• Sonuç bulunamadı

Son yıllarda çoklu zekâ kuramı eğitim öğretim sürecinde önemli bir yere sahip olmuştur.

Campbell B. (1990:7:254) tarafından 1989 –1990 yılında öğrencilerin çoklu zekâya dayalı öğrenme modeline olan tepkilerini belirlemek amacıyla araştırma gerçekleştirilmiştir. Öğrencilerin geleneklerin dışında müzik, hareket, görsel sanatlar ve işbirliğine dayalı çalışmaya karşı davranışları, tutum ve becerileri incelenmiştir. Araştırmada zekâları bir araya toplayabilmek için öğrenme merkezleri ile konusal ve disiplinler arası yaklaşımı kullanmıştır. Öğrenciler bir okul gününün yaklaşık olarak 2–2,5 saatini bu öğrenme merkezlerinde geçirmişler ve üç ya da dörder kişilik gruplar halinde her bir merkezde yaklaşık yirmi dakika kalarak tüm merkezleri dolaşmışlardır. Örneğin, dünya gezegeninin işlendiği bir ünitede bu yedi merkezde öğrencilerin dünyanın yapısını anlamalarına yardımcı olmak için çeşitli etkinlikler düzenlenmiştir. Merkezlerde geçirilen 2–2,5 saatin ardından, 27 öğrenciden her birinin dünyanın yapısını öğrendiği ve bunun da ötesinde matematiksel, müziksel, dilsel, devinduyumsal, sosyal ve bireysel olarak öğrendikleri ortaya çıkmıştır.

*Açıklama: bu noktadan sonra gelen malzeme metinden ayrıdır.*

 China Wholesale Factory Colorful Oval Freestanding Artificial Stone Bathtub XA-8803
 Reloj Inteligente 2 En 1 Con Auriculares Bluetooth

Gwendolyn ve diğerleri (1997) tarafından yapılan çalışmada Çoklu Zekâ Kuramı programlarının varoşlarda büyük hazırlık okullarında etkisi araştırılmıştır. Öğrenciler gözlemlenmiş ve aileler incelenmiştir. Öğrenciler, öğretmenler, ebeveynler ve idarecilerle görüşmeler yapılmıştır. Verilerden üç tema ortaya çıkmıştır: (a) öğrenciler, öğretmenler ve veliler Çoklu Zekâ Kuramı konusunda oldukça olumludur; (b) akan zaman, aktivite odası ve zenginleştirme grubu nu içeren okul aktiviteleri hakkında olumludur ve (c) Çoklu Zekâ Kuramı sınıf uygulamaları düzensizliğe karşıdır. Çoklu Zekâ Kuramı’nın gelecek uygulamaları

izleyen bir yıl boyunca tanımlanmıştır, standart testlerden elde edilen sonuçlar verilmiştir. Çoklu Zekâ Kuramı öğrenciler üzerinde olumlu etkiler bırakmıştır, öğrenciler öz güven kazanmış, öğretmenler öğrencilerin farklı güçlerini ayırt etmeyi öğrenmişlerdir.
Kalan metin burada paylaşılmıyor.